Articles of association

Corporate registration number 556001-6122

§ 1. The name of the company shall be Sapa AB.

§ 2. The board of directors shall have its registered office in Stockholm.

§ 3. The business of the company is, directly or indirectly, through the affiliates – to produce, process and sell metals, mainly aluminium and plastic products, trade and recycle scrap metal, own and manage immovable and movable property and conduct other thereto related business activities.

§ 4. The share capital shall amount to no less than SEK 800 million (800,000,000) and no more than SEK 3.2 billion (3,200,000,000).

§ 5. The number of shares shall be no less than SEK 32 million (32,000,000) and no more than 128 million (128,000,000).

§ 6. The board of directors shall, in addition to members who may be appointed  pursuant to applicable law, consist of no less than four (4) and no more than eight (8) members and no more than three (3) deputy members.

§ 7. Two auditors with two deputy auditors or a registered auditor company shall be appointed to audit the annual accounts and accounting records and the administration of the board of directors and the managing director.

§ 8. Notice of a general meeting shall be made in letter form no earlier than six (6) weeks and no later than two (2) weeks before the meeting.

§ 9. Shareholders, who want to participate in a general meeting, shall have been entered in a share register of the company no later than five (5) days before the meeting and shall notify the company of their intention to attend no later than at 4 pm on the day stated in the notice of the meeting. Such day shall not be a Sunday, other public holiday, a Saturday, Midsummer Eve, Christmas Eve or New Year’s Eve and shall not fall earlier than the fifth working day before the meeting.

§ 10. The chairman of the board or the person appointed by the board for that purpose shall open the general meeting and lead its proceedings until a chairman has been elected.

§ 11. The general meeting shall be held in Stockholm or Vetlanda.
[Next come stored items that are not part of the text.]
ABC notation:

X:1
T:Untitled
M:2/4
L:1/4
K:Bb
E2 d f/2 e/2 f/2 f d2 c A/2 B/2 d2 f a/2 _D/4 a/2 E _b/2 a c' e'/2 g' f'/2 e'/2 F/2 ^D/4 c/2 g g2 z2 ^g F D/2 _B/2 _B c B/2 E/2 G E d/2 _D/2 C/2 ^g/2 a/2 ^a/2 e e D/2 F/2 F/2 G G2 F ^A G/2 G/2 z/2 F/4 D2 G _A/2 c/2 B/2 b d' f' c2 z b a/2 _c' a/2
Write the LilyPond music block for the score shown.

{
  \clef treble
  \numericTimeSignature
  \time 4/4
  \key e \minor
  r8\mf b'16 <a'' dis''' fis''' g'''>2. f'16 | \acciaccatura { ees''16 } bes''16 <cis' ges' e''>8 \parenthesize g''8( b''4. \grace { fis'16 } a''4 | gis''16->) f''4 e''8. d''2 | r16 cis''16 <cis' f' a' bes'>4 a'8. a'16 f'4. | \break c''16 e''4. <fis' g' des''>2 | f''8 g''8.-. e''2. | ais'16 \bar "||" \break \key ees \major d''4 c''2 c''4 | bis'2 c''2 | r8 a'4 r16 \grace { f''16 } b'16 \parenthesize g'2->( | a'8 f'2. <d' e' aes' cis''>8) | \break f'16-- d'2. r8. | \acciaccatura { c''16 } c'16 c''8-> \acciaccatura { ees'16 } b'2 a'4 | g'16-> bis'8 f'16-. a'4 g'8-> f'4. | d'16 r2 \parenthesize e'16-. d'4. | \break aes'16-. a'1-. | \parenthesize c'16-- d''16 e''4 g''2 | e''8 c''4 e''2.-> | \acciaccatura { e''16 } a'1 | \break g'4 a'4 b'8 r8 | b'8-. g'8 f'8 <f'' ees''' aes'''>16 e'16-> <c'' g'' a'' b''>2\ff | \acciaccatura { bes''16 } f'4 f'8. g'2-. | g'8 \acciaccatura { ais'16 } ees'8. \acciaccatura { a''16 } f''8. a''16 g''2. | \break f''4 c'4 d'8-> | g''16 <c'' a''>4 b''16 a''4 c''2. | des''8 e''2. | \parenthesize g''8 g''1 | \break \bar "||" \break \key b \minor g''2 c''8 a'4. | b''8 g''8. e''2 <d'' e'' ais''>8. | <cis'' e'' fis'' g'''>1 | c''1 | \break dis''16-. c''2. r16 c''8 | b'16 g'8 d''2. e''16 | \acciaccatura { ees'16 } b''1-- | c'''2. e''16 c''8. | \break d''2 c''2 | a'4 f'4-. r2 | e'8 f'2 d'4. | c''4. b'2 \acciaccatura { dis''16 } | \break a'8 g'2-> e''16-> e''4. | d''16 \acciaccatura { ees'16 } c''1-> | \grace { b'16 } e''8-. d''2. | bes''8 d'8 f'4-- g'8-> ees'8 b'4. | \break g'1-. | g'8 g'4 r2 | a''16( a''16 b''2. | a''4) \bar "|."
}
The annual meeting shall be held within six (6) months after the end of each financial year.

At the annual shareholders’ the following matters shall be considered:

1) Election of a chairman for the meeting;

2) Preparation  and approval the voting list;

3) Election of two persons to approve the voting list;

4) Approval of the agenda;

5) Confirmation that the general meeting has been duly summoned;

6) Consideration of the annual accounts and the auditor’s report as well as the consolidated annual accounts and the auditor’s report for the group;

7) Resolutions on:
a) approval of the profit and loss account and balance sheet as well as the        consolidated profit and loss account and consolidated balance sheet;
b) appropriation of the company’s profit or loss according to the approved balance sheet;
c) discharge from liability for the members of the board of directors and the managing director for the period covered by the statutory accounts;

8) Determination of the number of the board members and deputy members to be elected by the meeting;

9) Determination of the fees to the members of the board of directors and the auditors;

10) Election of the board of directors and deputy members, if any;

11) When required, election of the auditors and deputy auditors;

12) Consideration of any other business as required under the Swedish Companies Act.

§ 12. The company’s financial year shall be the calendar year.

§ 13. The company shall be a CSD-registered company and the shares of the company shall be registered in a CSD register pursuant to the Swedish Financial Instrument Accounts Act (1998:1479).

The above articles of association were adopted at the general meeting on 14 May, 2009.